Simple implementation:

static int partition_ez(int[] A, int begin, int end) {
  ArrayList<Integer> L = new ArrayList<Integer>();
  ArrayList<Integer> R = new ArrayList<Integer>();
  int pivot = A[end - 1];
  for (int i = begin; i != end - 1; ++i) {
     if (A[i] ≤ pivot) { L.add(A[i]); }     // O(1)*
     else { R.add(A[i]);  }
  }
  int pivot_loc = copy(L, A, begin);
  A[pivot_loc] = pivot;
  copy(R, A, pivot_loc + 1);
  return pivot_loc;
}

Time complexity: O(n) Space complexity: O(n)

Partition in-place

But we can be more space efficient by reusing A for L and R.

Example run of the partition algorithm:

[2,8,7,1,3,5,6,4]       (draw with extra space between the numbers)

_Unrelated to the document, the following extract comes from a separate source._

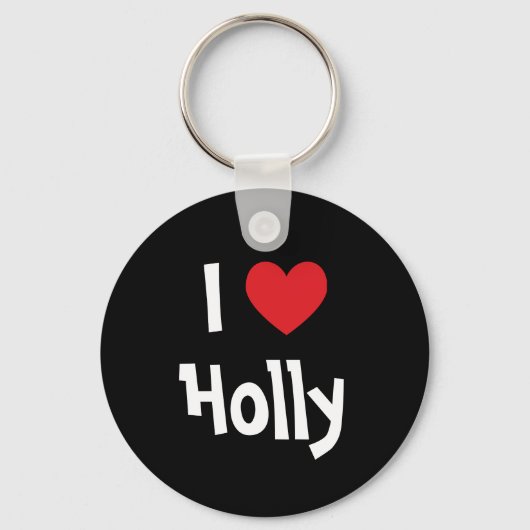 Ik hou van Holly Sleutelhanger (Voorkant)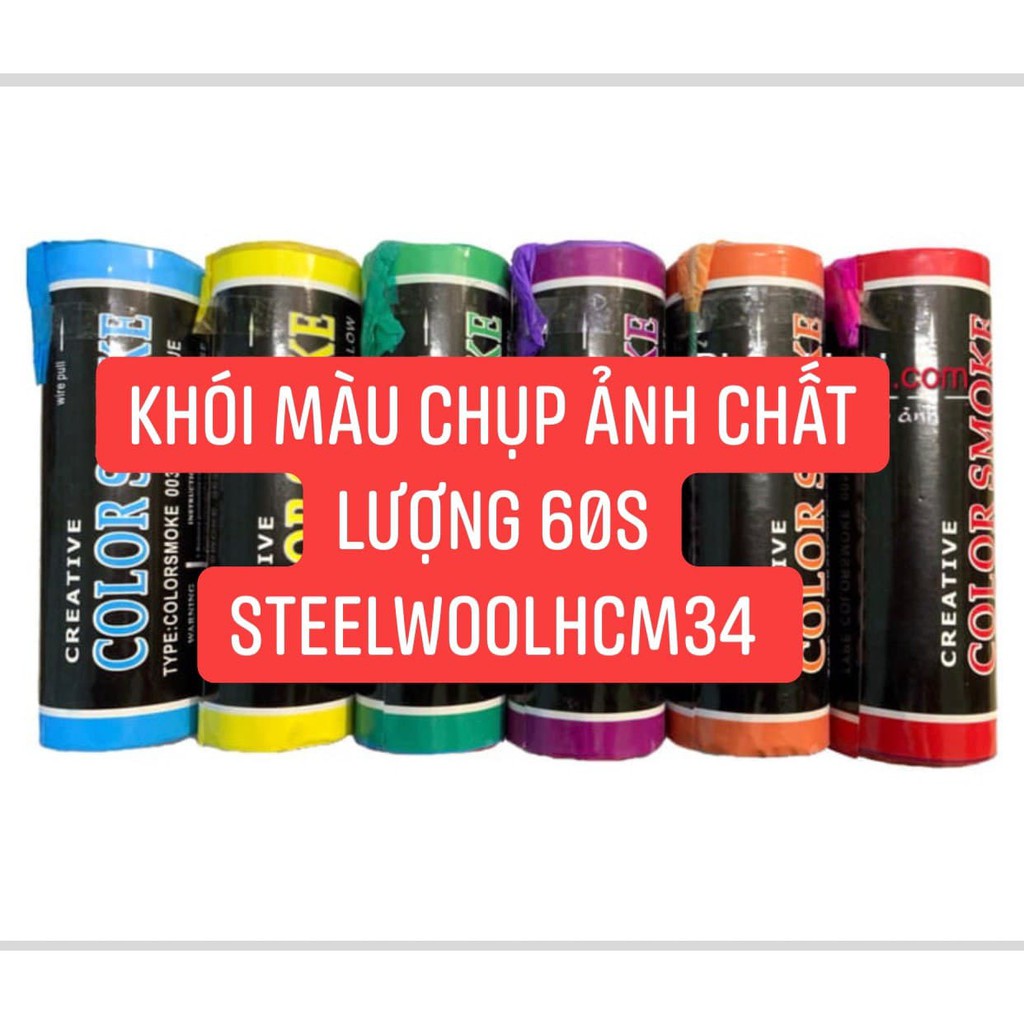 Combo 5 ống Khói màu chup anh 60s ống to khói dày màu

The last element is the pivot:

[2,8,7,1,3,5,6|4]

We move from left to right, separating the elements into those less than 4 and those greater than 4.

[||2,8,7,1,3,5,6|4]
[2||8,7,1,3,5,6|4]
[2|8|7,1,3,5,6|4]
[2|8,7|1,3,5,6|4]

swap 1 with 8 (the front of the sequence of greater-than elements)

[2,1|7,8|3,5,6|4]

swap 3 with 7

[2,1,3|8,7|5,6|4]
[2,1,3|8,7,5|6|4]
[2,1,3|8,7,5,6||4]

To finish off, we need to put 4 (the pivot) into the middle. swap 4 with 8

[2,1,3|4|7,5,6,8]

Looking at a half-way point in the run gives us a good idea for what the algorithm needs to do.

[2,1|7,8|3,5,6|4]
     i   j

if A[j] ≤ pivot, swap it with first greater-than elt., increment i and j

[2,1,3|8,7|5,6|4]
       i   j

if A[j] > pivot, just move on to the next j

[2,1,3|8,7,5|6|4]
       i     j

Space-efficient implementation:

int partition(int[] A, int begin, int end) {
   int pivot = A[end-1];
   int i = begin;
   for (int j = begin; j != end-1; ++j) {
      if (A[j] ≤ pivot) {
         swap(A, i, j);
         ++i;
      }
   }
   swap(A, i, end-1);
   return i;
}

Student exercise

Apply quicksort to the array, write the state of the array after each step within the partitioning

[6,1,2,3]

quicksort(A, 0, 4)

Time complexity of partition: Θ(n)

Worst-case time complexity of quicksort

Suppose that each time we partition, it turns out that everything ends up in L. So the recursive call to sort L is T(n-1) and G is T(0).

  T(0) = 1
  T(n) = T(n-1) + T(0) + n
  
  T(n) = T(n-1) + T(o) + n
       = (T(n-2) + T(0) + n-1) + T(o) + n
       = T(n-2) + 2 + n + n-1
       = T(n-3) + 3 + n + n-1 + n-2
  
  T(n) in O(n²)

Best-case time complexity

Suppose that each time we partition, L and G come out the same size.

T(n) = T(n/2) + T(n/2) + Θ(n) = 2 T(n/2) + Θ(n)

T(n) in O(n log(n))

Random Pivot

A better way to choose the pivot is to choose an element at random.